Through collaborative partnership between automotive OEMs and suppliers of dispensing equipment, Dow Automotive has been able to develop adhesive systems that bond to a variety of substrates (including oily steels) without the need for surface preparation. The adhesives can be applied at rates of 400-600 mm/sec, providing fast and robust joining cycle time with excellent wash-off stability.

Using established CAE methodology, it can be seen that structural bonding reduces stress concentration at the spot weld locations and contributes to increased load transfer between the sheet metal components (see Figure 1). Therefore, OEMs can improve vehicle attributes such as body stiffness, durability and crashworthiness. Increased performance over traditional spot welding provides options so OEM product engineers can consider design alternatives that will improve the mass efficiency of the system.



Figure 2. Schematic of BIW with Structural Bonding
New high-strength steels are becoming more prominent in the modern vehicle body structure design. Increases in steel strength properties can result in equal or better energy absorption with lighter gauges of steel. However, since high-strength steel has the same modulus as mild steel, overall vehicle stiffness is reduced as steel is down-gauged. Since the elastic properties of advanced high-strength steel are the same as mild steel, one can expect a reduction in the sectional elastic properties. In many cases, the loss of vehicle stiffness can be compensated for by a proper structural adhesive and strategically placed structural bonds.

Using computer-aided simulation and application development expertise, Dow Automotive used structural bonding to improve vehicle stiffness, as shown in the following example (see Figure 2). Global bending and torsion dynamic stiffness of the structure with and without adhesive bonding is shown in Table 1. Upon full understanding of global body dynamic and static stiffness behavior of the body-in-white (BIW) and critical sheet metal components, over 40 meters of structural bond was utilized in addition to existing spot welding.

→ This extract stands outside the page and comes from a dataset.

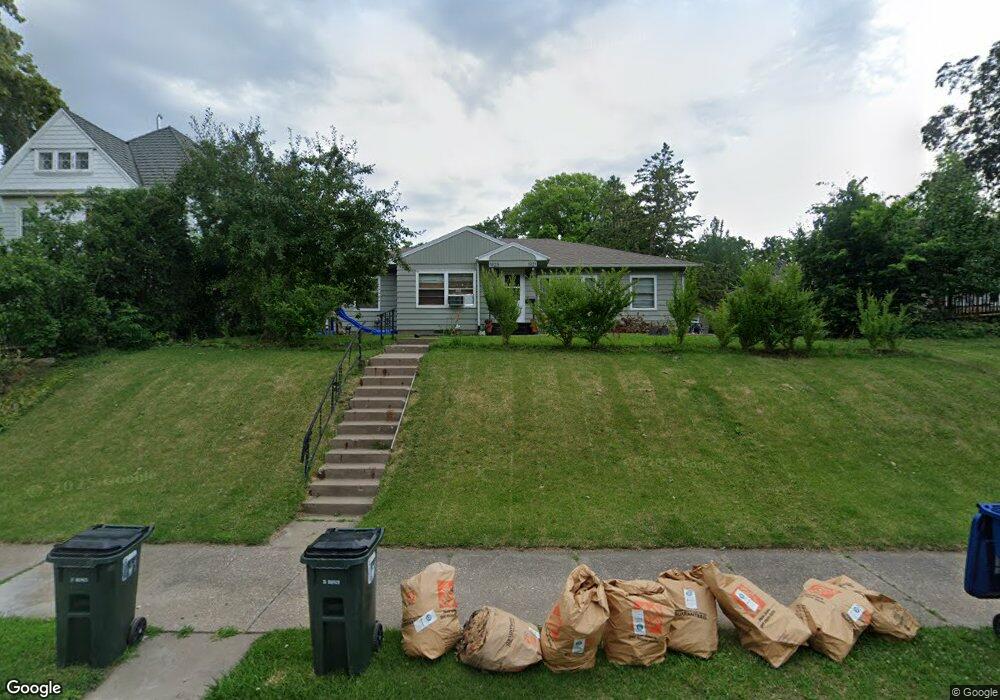 1921 Grand Ave, Davenport, IA 52803 - photo 1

The presence of the adhesive complements existing spot welds to provide more efficient load transfer between BIW flanges, resulting in an increase in body dynamic stiffness. The global bending and torsion frequencies have been increased by 3.1 Hz and 2.2 Hz, respectively. This increase can also improve ride and handling and reduce noise inside the passenger compartment.

The observed boost in performance enables product engineers to perform design optimization and sensitivity studies to determine the maximum potential for down-gauging or elimination of the sheet metal components.

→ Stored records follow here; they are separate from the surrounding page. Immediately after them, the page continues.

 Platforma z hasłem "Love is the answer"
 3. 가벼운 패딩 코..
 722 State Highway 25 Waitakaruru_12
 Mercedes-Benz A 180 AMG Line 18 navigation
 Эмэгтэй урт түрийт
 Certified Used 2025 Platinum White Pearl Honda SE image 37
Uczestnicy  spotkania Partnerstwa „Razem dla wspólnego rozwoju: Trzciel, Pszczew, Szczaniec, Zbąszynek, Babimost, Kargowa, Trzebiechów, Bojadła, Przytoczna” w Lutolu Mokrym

Results of the optimization study shown in Table 2 indicate that after design optimization, not only can the dynamic stiffness performance be increased, but a mass reduction potential of 23.0 kg is possible by adding only 0.5 kg (500 g) of adhesive. A total of 97 components were down-gauged in the study, resulting in a 6% mass savings.

This study shows that structural bonding placed at strategic locations in the body structure design can be a very mass-efficient solution when compared to other design alternatives. Putting things into perspective, adding 500 g of material provided up to 2.0 Hz improvement in body dynamic stiffness, and it also enabled a BIW mass reduction of 28 kg. As more high-strength steel is used, OEMs will have the ability to extend mass reduction even further. In most cases, the cost savings from reduced steel usage more than offsets the material cost of the structural adhesive.

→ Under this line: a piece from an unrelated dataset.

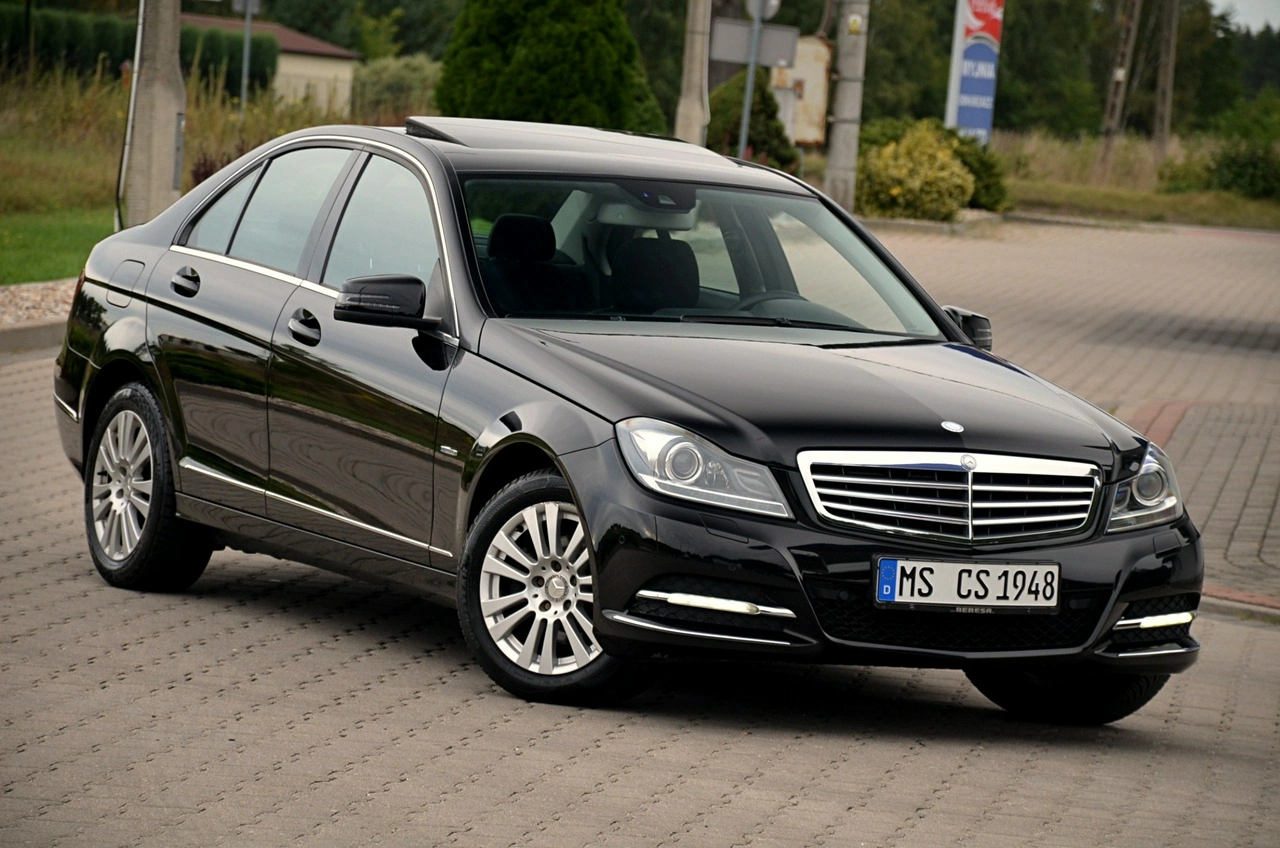 Mercedes C 180 - Zdjęcie 1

The trend to use more structural adhesives in automotive vehicle architecture is clear. North American OEMs are just beginning to tap into the vast potential of highly toughened structural adhesives. Future lightweight designs will use structural adhesives to achieve optimum improvements in vehicle stiffness, energy absorption and durability. Future advancements in the simulation of bonded joints will allow OEMs to fully take advantage of the technology. However, lighter vehicles will only become a reality if technologies can be implemented cost-effectively. High-performance structural adhesives provide OEMs with a rare proposition: the ability to improve performance and reduce mass while presenting a favorable business case.